◆ **Supplied information**:
>>>
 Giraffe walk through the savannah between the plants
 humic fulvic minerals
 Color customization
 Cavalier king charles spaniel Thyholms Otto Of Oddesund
<<<
◆ **Work item**: Exactly and only the lines from the one containing "Color customization" through the end of the material are to be reproduced, both ends included.

◆ **Response for this exercise**:
 Color customization
 Cavalier king charles spaniel Thyholms Otto Of Oddesund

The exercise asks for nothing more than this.